Stored records:
....

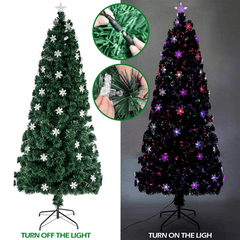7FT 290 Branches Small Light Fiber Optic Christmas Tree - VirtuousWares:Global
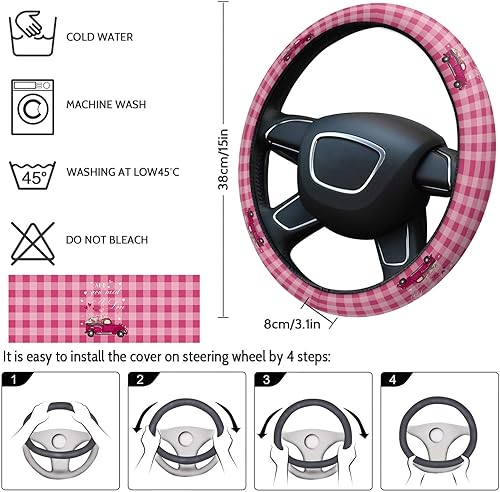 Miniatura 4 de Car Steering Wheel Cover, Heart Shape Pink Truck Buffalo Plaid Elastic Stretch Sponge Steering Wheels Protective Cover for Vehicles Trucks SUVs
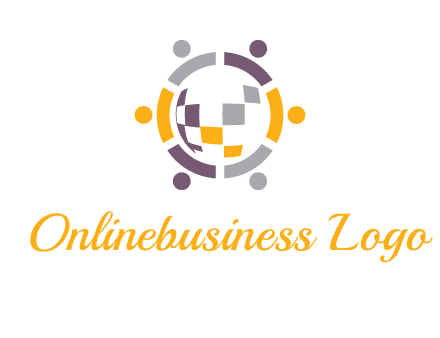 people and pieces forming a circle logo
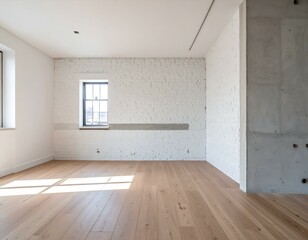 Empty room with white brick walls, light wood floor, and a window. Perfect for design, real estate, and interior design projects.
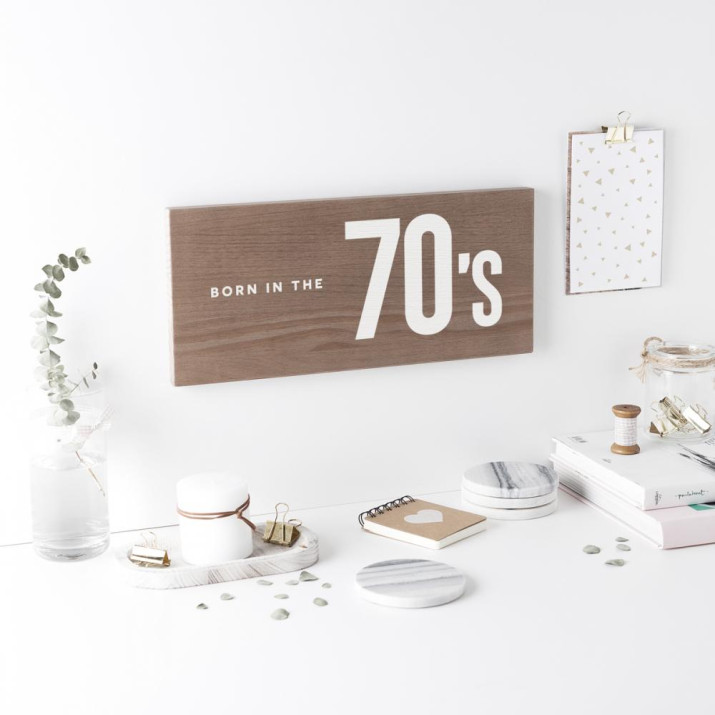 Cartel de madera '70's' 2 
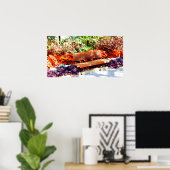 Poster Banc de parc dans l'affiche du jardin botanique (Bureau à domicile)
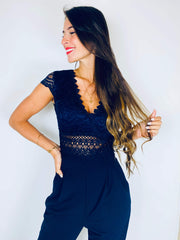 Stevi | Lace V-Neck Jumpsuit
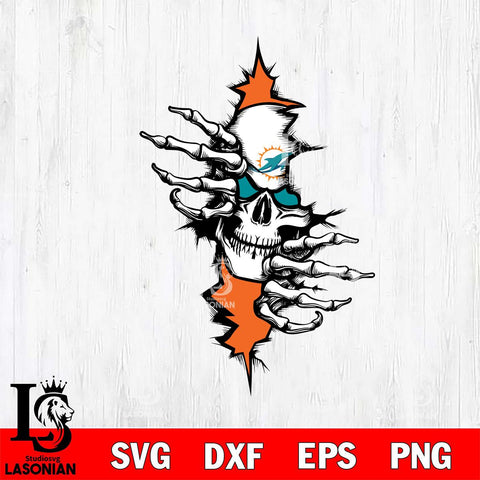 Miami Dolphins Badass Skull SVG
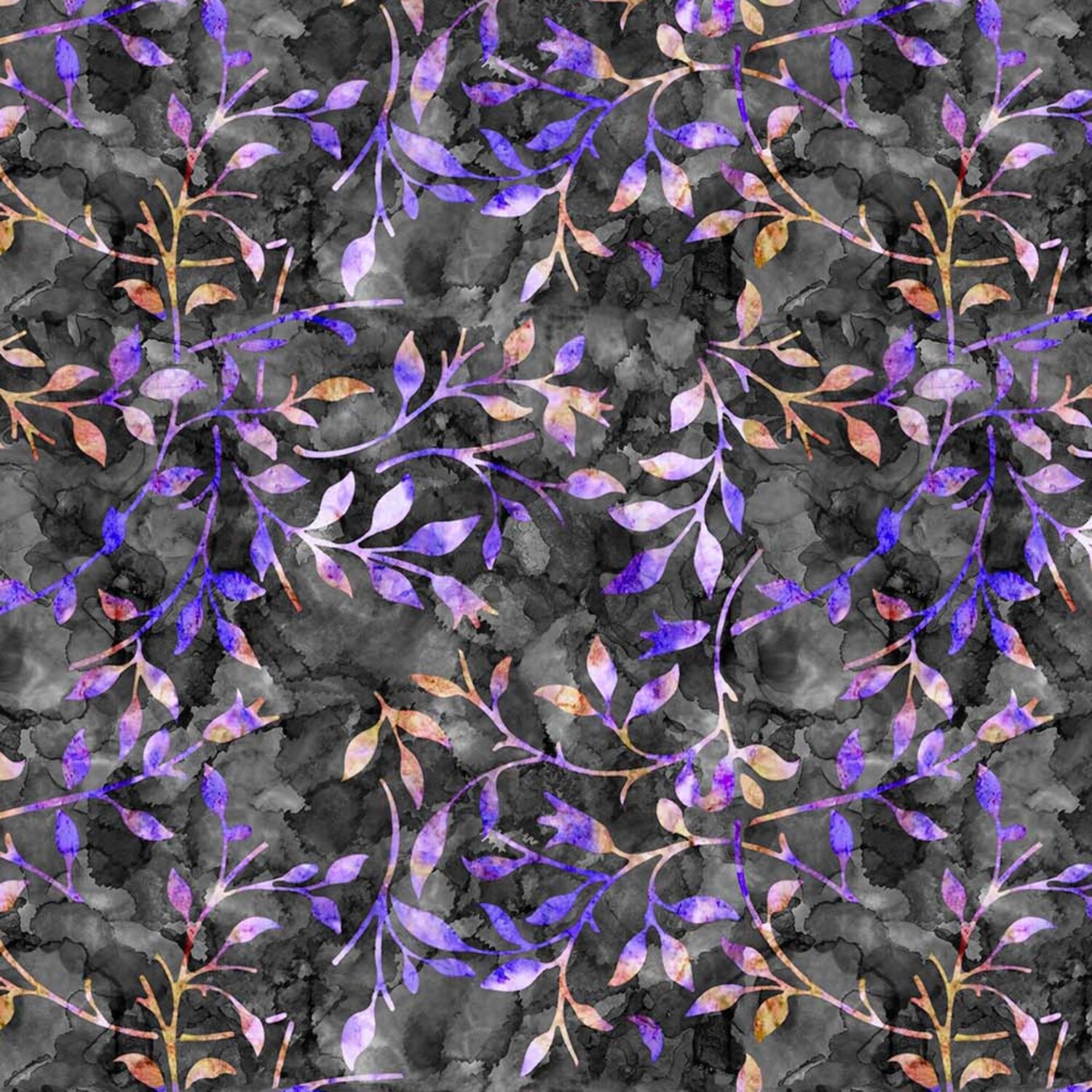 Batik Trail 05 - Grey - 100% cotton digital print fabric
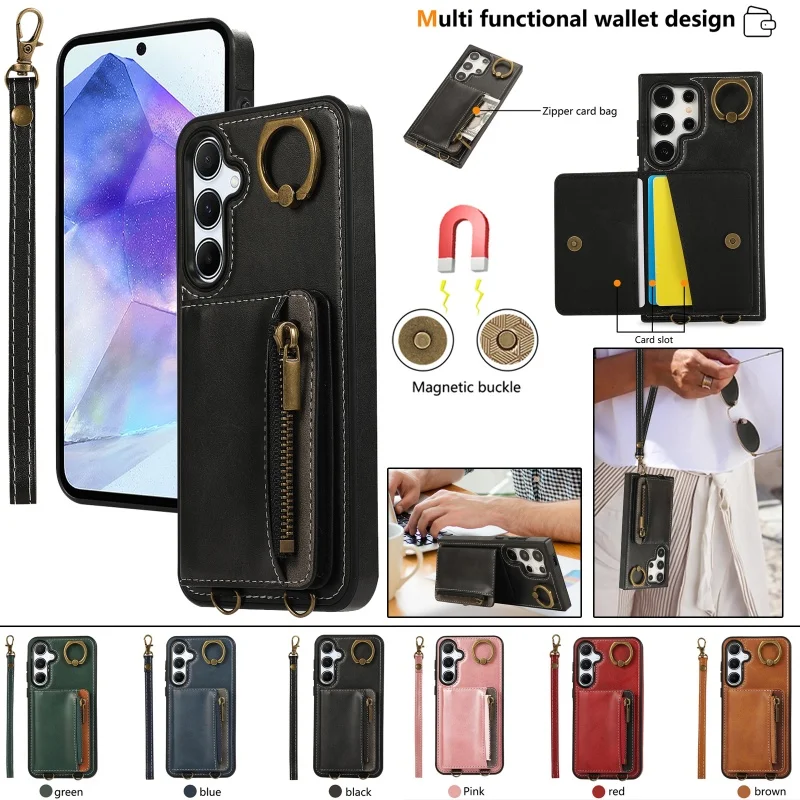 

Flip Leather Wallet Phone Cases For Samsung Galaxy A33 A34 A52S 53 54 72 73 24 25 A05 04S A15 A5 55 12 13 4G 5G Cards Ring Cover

....

— EXERCISE BRIEF —
Reproduce only the lines from the line that holds "Empty room with" through the end of the records, exactly as they stand, both ends included and pictures excluded.

— SOLVED PROBLEM —
 Empty room with white brick walls, light wood floor, and a window. Perfect for design, real estate, and interior design projects.
 Cartel de madera '70's' 2 
 Poster Banc de parc dans l'affiche du jardin botanique (Bureau à domicile)
 Stevi | Lace V-Neck Jumpsuit
 Miami Dolphins Badass Skull SVG
 Batik Trail 05 - Grey - 100% cotton digital print fabric

Flip Leather Wallet Phone Cases For Samsung Galaxy A33 A34 A52S 53 54 72 73 24 25 A05 04S A15 A5 55 12 13 4G 5G Cards Ring Cover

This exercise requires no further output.